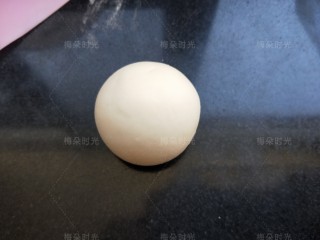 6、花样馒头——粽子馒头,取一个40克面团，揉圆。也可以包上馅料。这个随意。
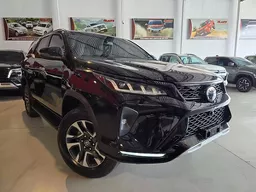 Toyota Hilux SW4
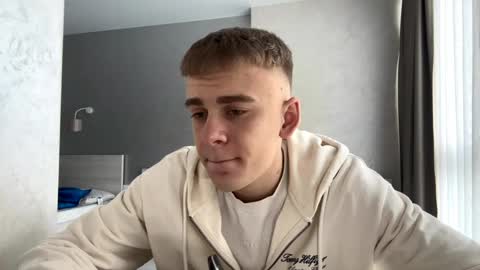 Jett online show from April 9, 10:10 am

* * *

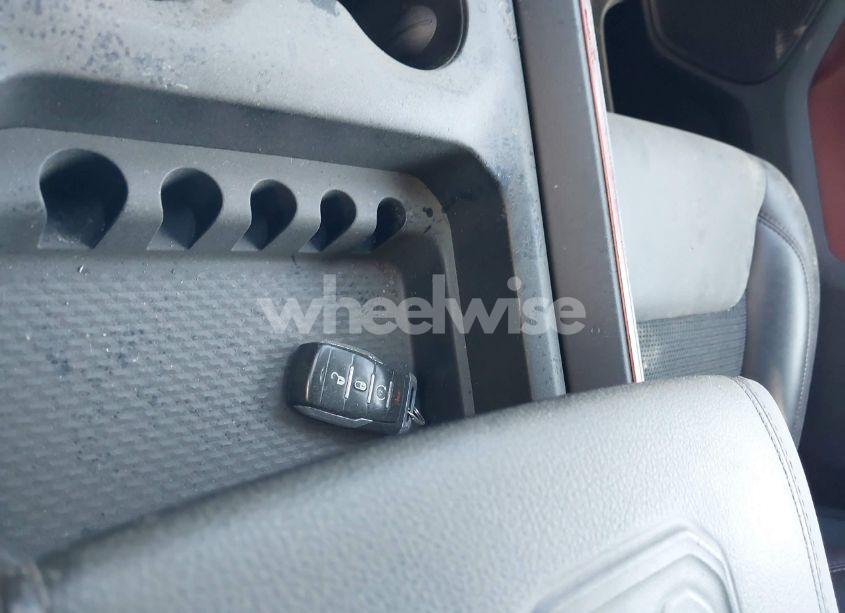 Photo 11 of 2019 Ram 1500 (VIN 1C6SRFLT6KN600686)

TASK BRIEF:
In the records above, everything from the line with "Toyota Hilux SW4" down to the line with "Jett online show from April 9, 10:10 am" is to be set down exactly, both ends included, with no pictures and no other lines.

SOLUTION:
 Toyota Hilux SW4
 Jett online show from April 9, 10:10 am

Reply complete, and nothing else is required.